Five inspectors out of about a dozen in Grossi’s mission stayed on at the Zaporizhzhia facility, according to Energoatom, the Ukrainian state-run company that manages the country’s nuclear plants. They are unloading equipment and are expected to stay until Saturday, Energoatom said.
Grossi said his team of monitors collected important information during the visit and he had access to the “key things” he wanted to see, BBC Ukraine reported.
The United States called on Russia to allow the inspectors to stay as long as needed. It comes as increasing attacks in the vicinity of the site have stoked concern over a potential atomic disaster.
Ukraine and Russia have blamed each other for continued fighting in the area, with no way to independently verify their claims. They each accused the other of trying to sabotage the mission to Europe’s largest atomic power station, though both publicly said they wanted it to go ahead. Ukraine ensured smooth passage for the mission across territory it controls.
Ukrainian military intelligence said Russian forces were firing on the city of Enerhodar and the sprawling plant, near the mission’s route.
Russia confirmed military action in the area the IAEA team entered on Thursday, claiming its forces had destroyed what it said were two Ukrainian commando groups that had landed in Enerhodar and were seeking to take over the plant.

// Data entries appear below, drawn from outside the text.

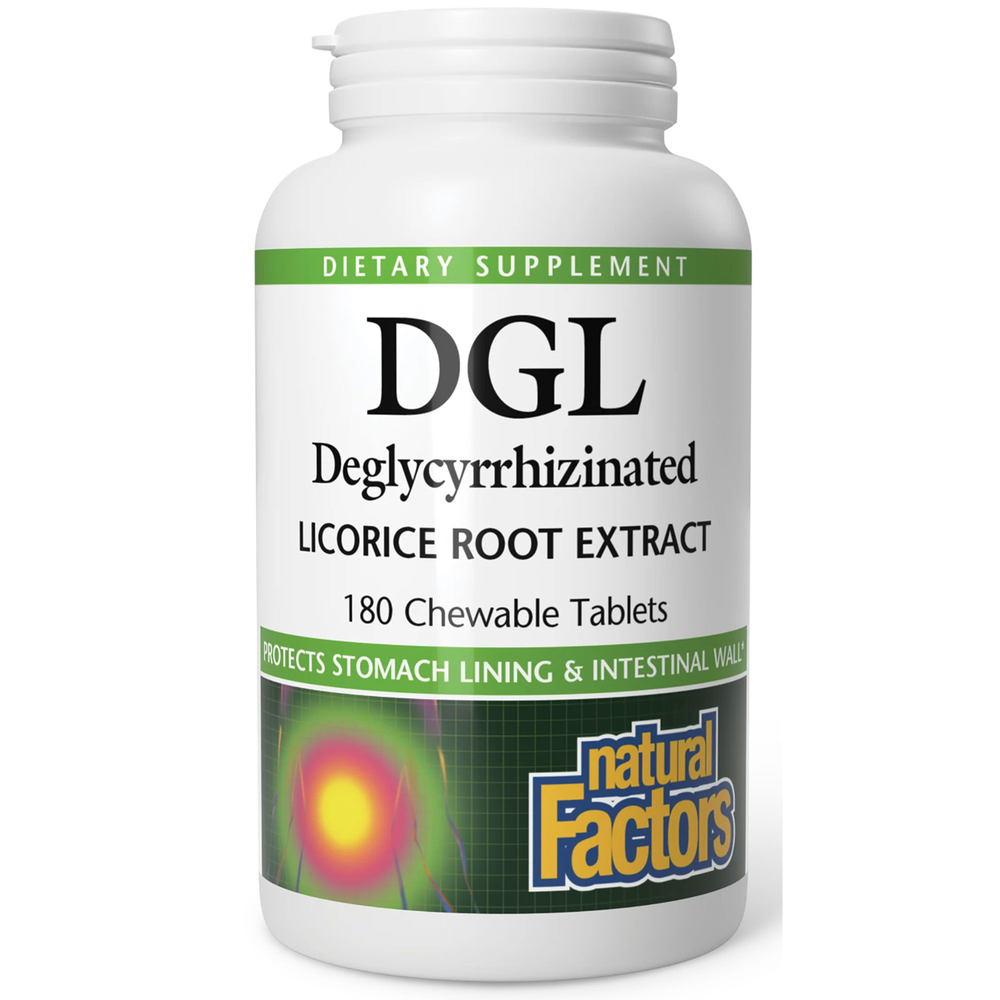 DGL 400mg 10:1 Extract
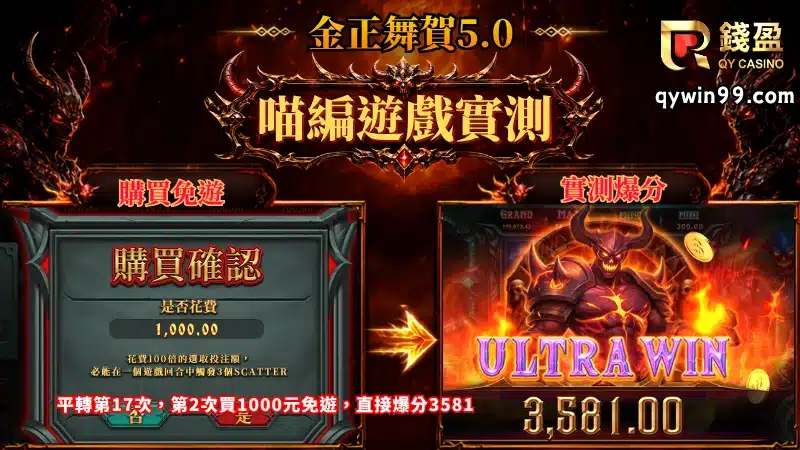 金正舞賀5.0-古神巴風特攻略分享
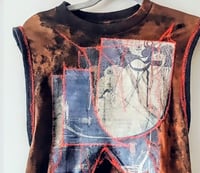 Image 2 of "The Climax" inspired sleeves shirt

The Defense Ministry didn’t provide evidence and Ukraine denied sending troops there.
Officials from Energoatom also reported on Thursday that a fifth reactor at the plant had to be shut down because of damaged transmission lines.
“The shelling of Zaporizhzhia nuclear power plant by the Russian occupying forces caused the emergency protection and the shut down,” the nuclear utility said in a statement. “The station’s Ukrainian staff is doing everything possible to eliminate damage to its infrastructure.”
Russian forces captured the plant at the beginning of the six-month war, although Ukrainian technicians are inside the facility and keeping the station operating. Shelling in the area has become a near-daily occurrence.
It’s the first time in the IAEA’s 65-year history that monitors crossed an active battlefront in order to carry out an inspection.